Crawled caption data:
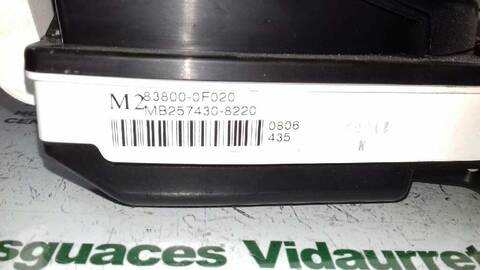 Foto 3ª: Cuadro de Instrumentos Toyota Corolla 1.8 16V CAT 129CV 95KW [1ZZFE] (2006)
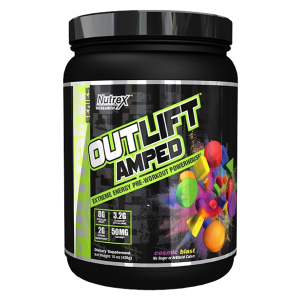 Outlift Amped, Fruit Candy - 436g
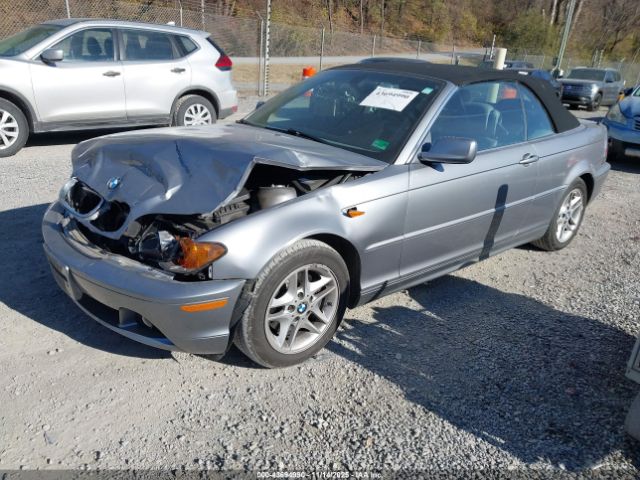 2004 BMW 325CI WBABW33414PL28805 Photo 1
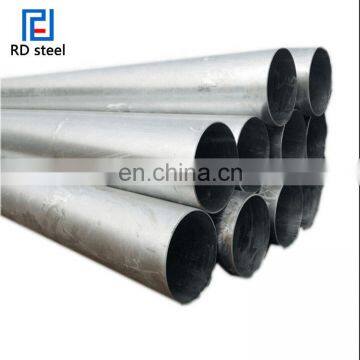 40x60 galvanized rectangular steel square pipe size specification /galvanized steel iron pipe price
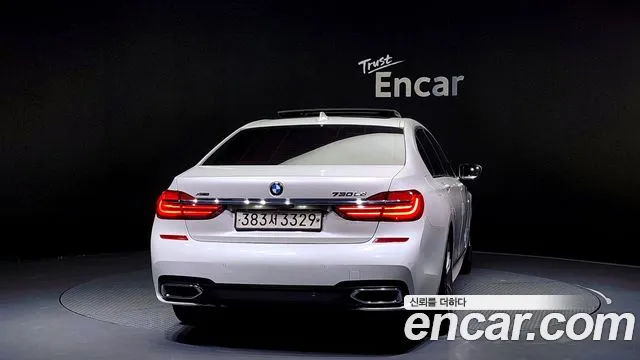 BMW 7 Series (G11) id 2695884 из Кореи 5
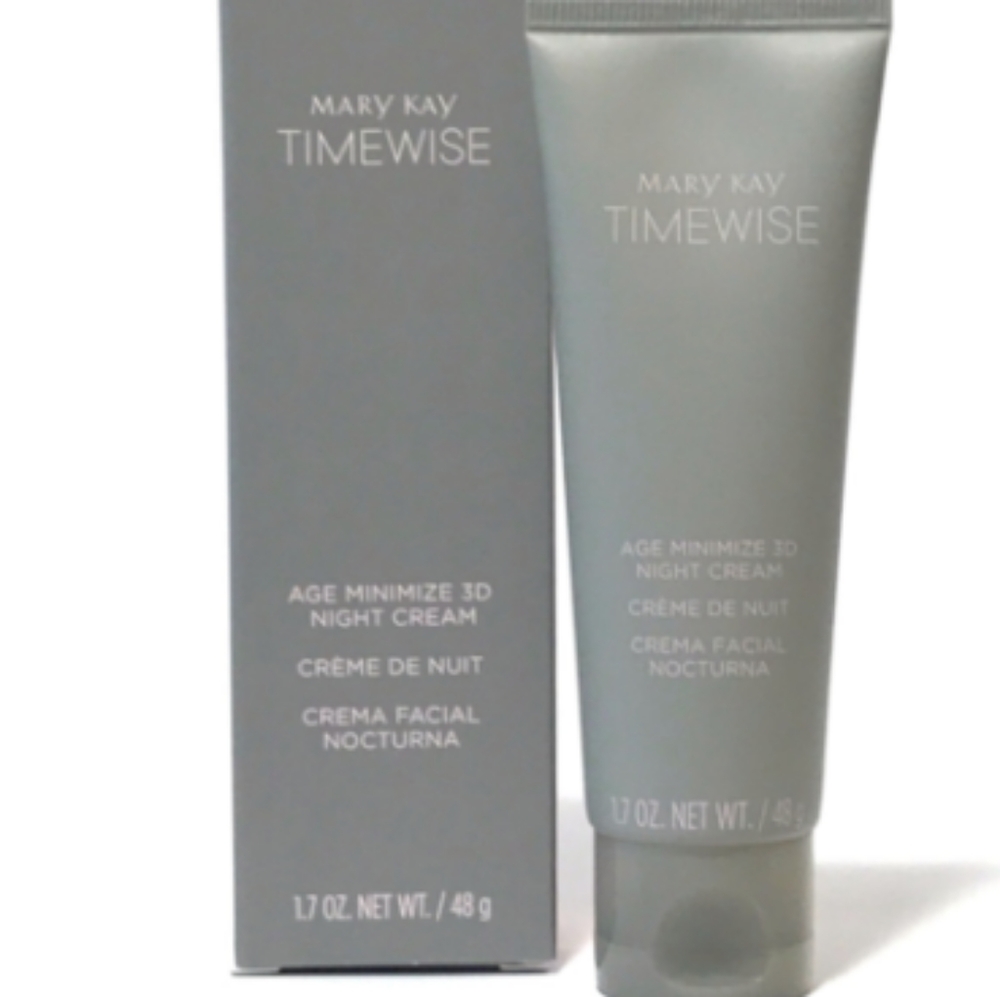Timewise Age Minimize 3D Night Cream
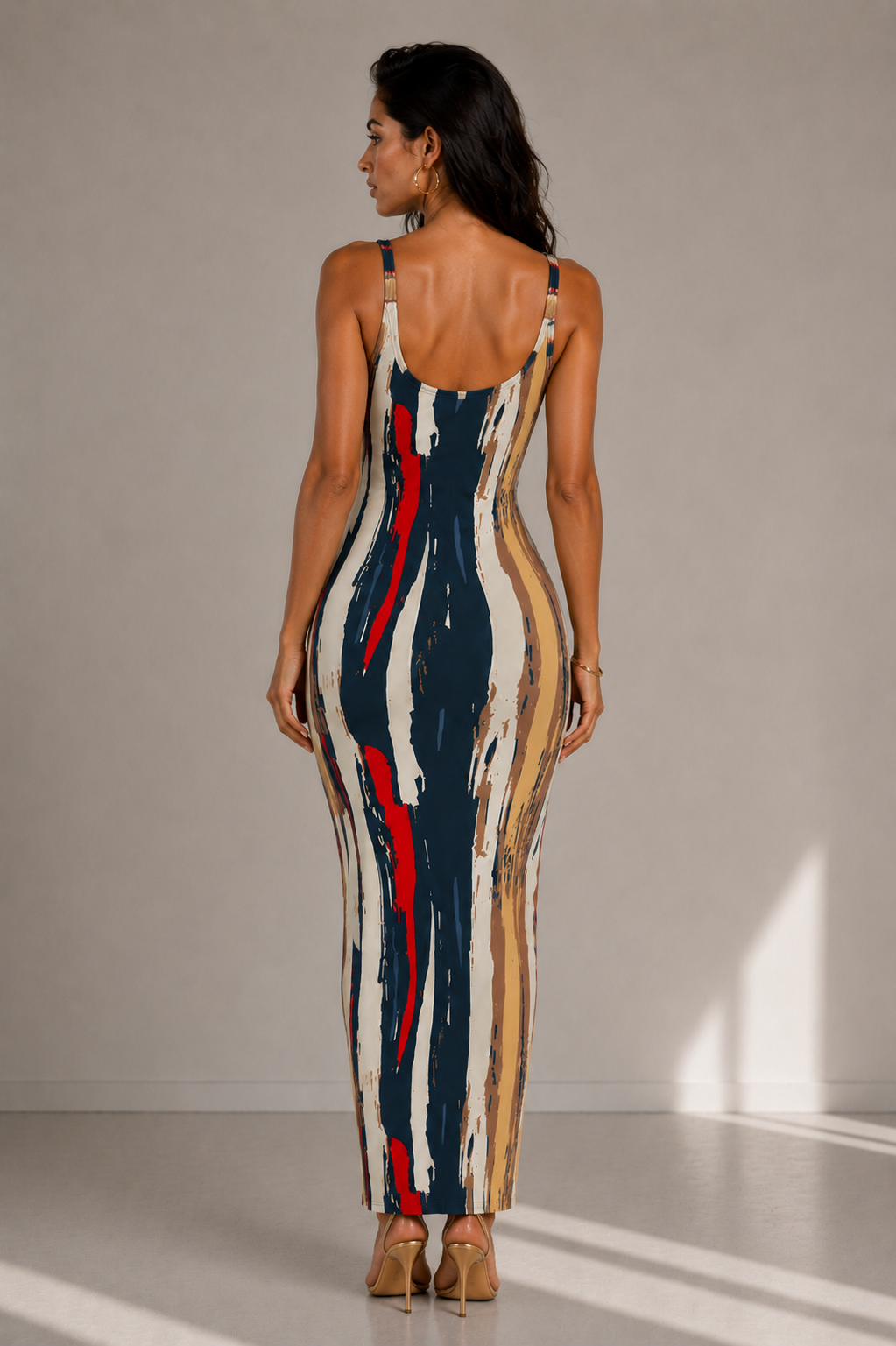 Nerine maxiklänning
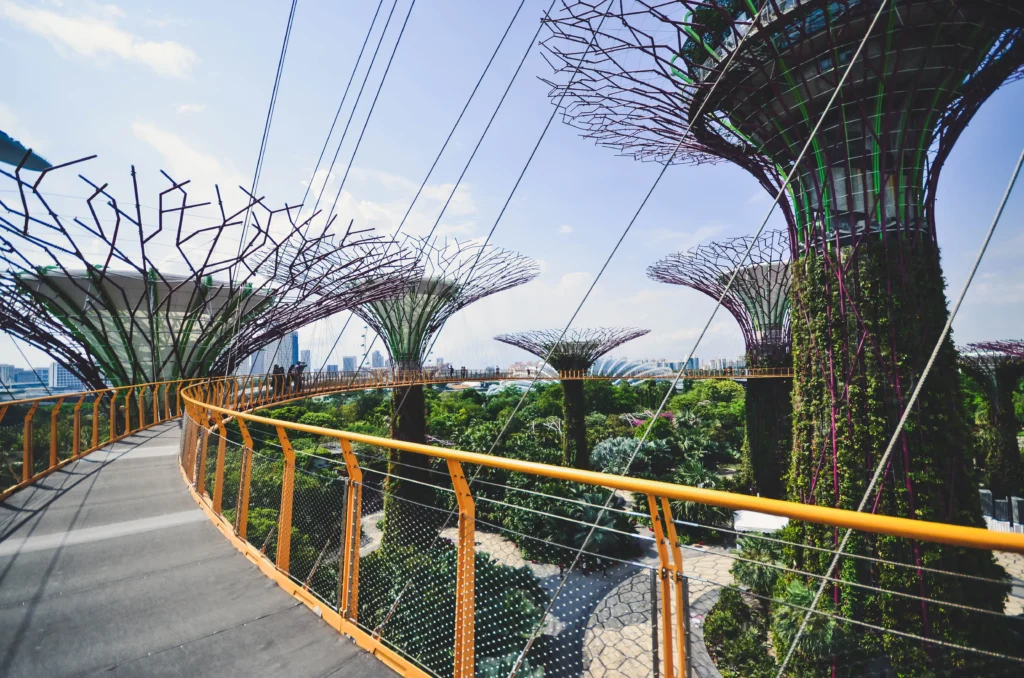 ocbc skyway jardins baie singapour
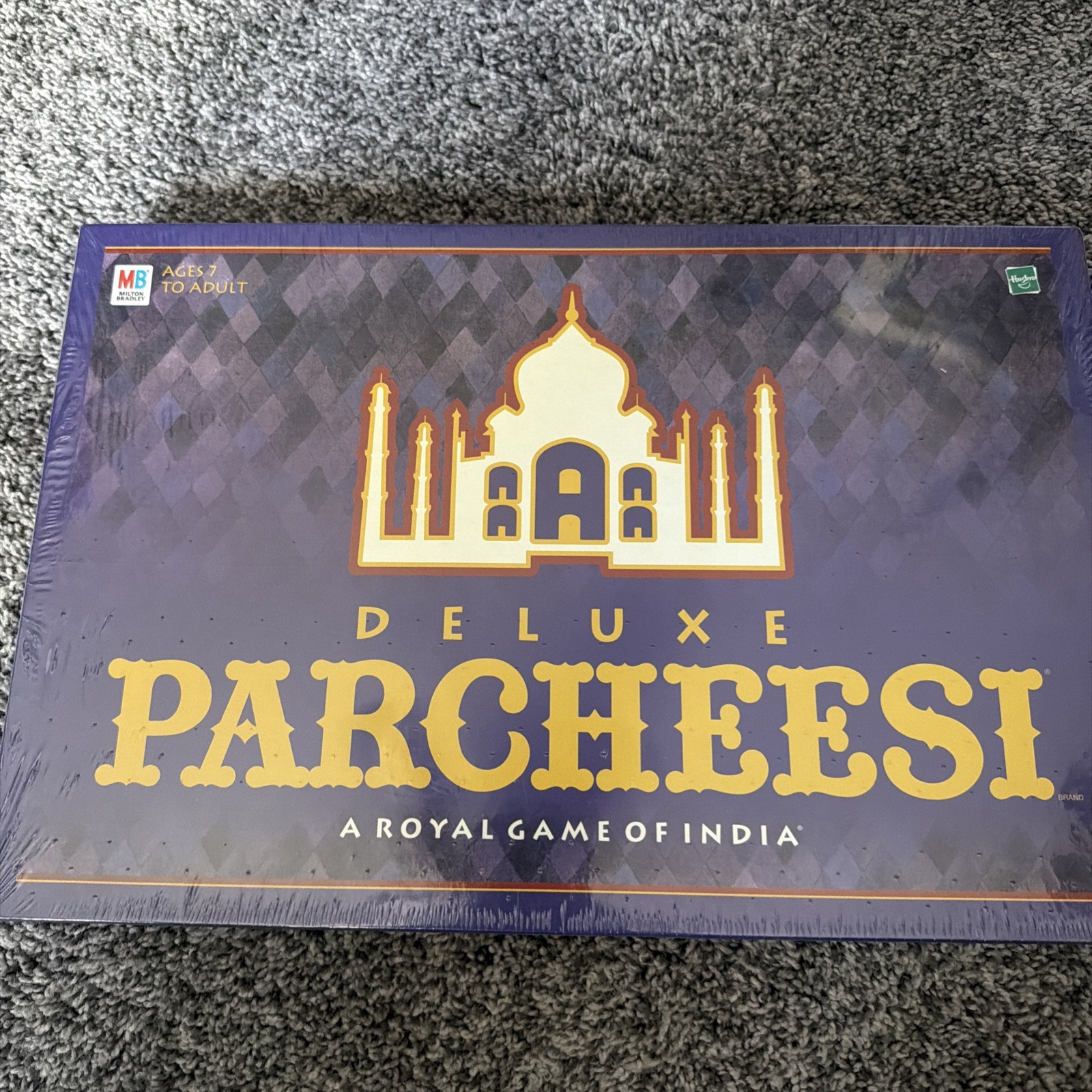 Milton Bradley 1999 Deluxe Parcheesi Board Game Sealed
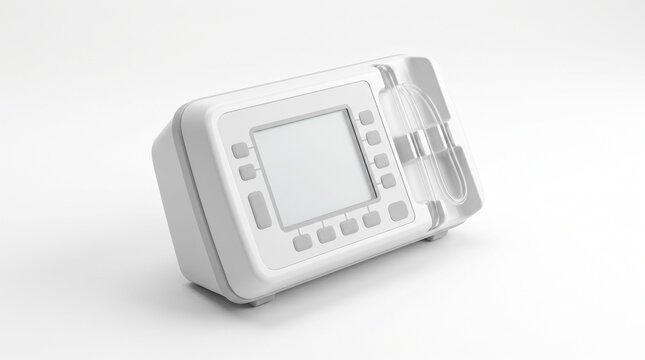 Digital medical monitoring device for healthcare settings with healthcare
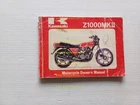 1979 Kawasaki Z 1000 MKII Service Manual Maintenance Booklet Original English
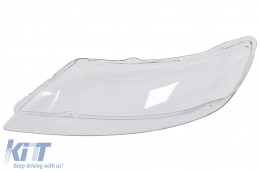 Verres Phares Lentille pour Audi Q7 4L 2005-2015-image-6098340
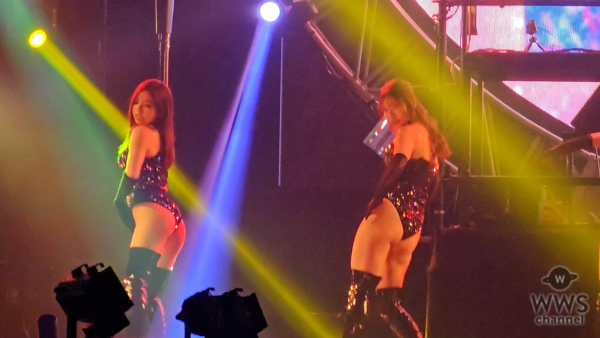 【動画】セクシーなボンテージ衣装・HILIGHT DANCERS（ハイライトダンサーズ）、ノリノリパフォーマンスで盛り上げる！＜MUSIC CIRCUS FUKUOKA＞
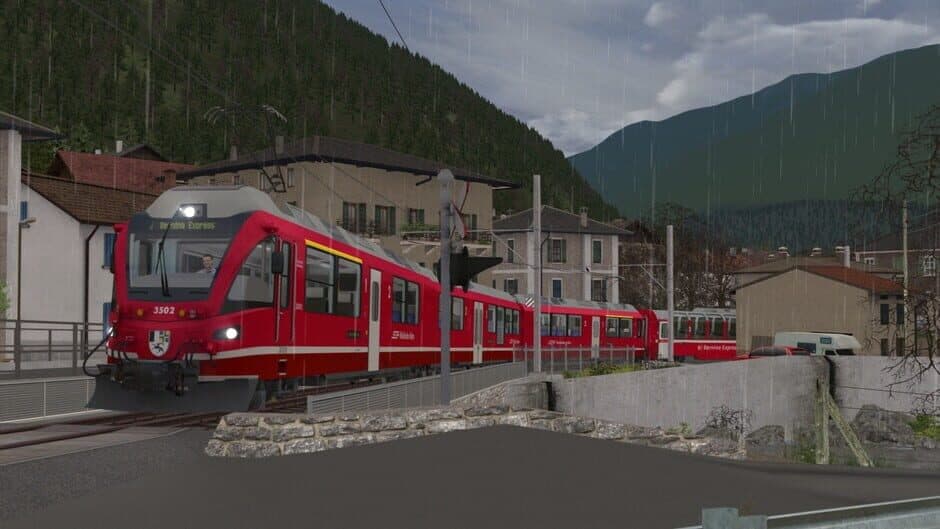 Скриншот 4 из TS Marketplace: Bernina Line Scenario Pack 01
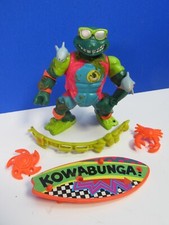 komplette MIKE SEWER SURFER Actionfigur VINTAGE TEENAGE MUTANT NINJA TURTLES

■ PROBLEM TO WORK ON: Output, exactly and without pictures, the lines above that run from the one containing "Timewise Age Minimize 3D Night Cream" through the last line of the entries, inclusive.

■ ANSWER TO THIS EXERCISE:
Timewise Age Minimize 3D Night Cream
 Nerine maxiklänning
 ocbc skyway jardins baie singapour
 Milton Bradley 1999 Deluxe Parcheesi Board Game Sealed
 Digital medical monitoring device for healthcare settings with healthcare
 1979 Kawasaki Z 1000 MKII Service Manual Maintenance Booklet Original English
 Verres Phares Lentille pour Audi Q7 4L 2005-2015-image-6098340
 【動画】セクシーなボンテージ衣装・HILIGHT DANCERS（ハイライトダンサーズ）、ノリノリパフォーマンスで盛り上げる！＜MUSIC CIRCUS FUKUOKA＞
 Скриншот 4 из TS Marketplace: Bernina Line Scenario Pack 01
 komplette MIKE SEWER SURFER Actionfigur VINTAGE TEENAGE MUTANT NINJA TURTLES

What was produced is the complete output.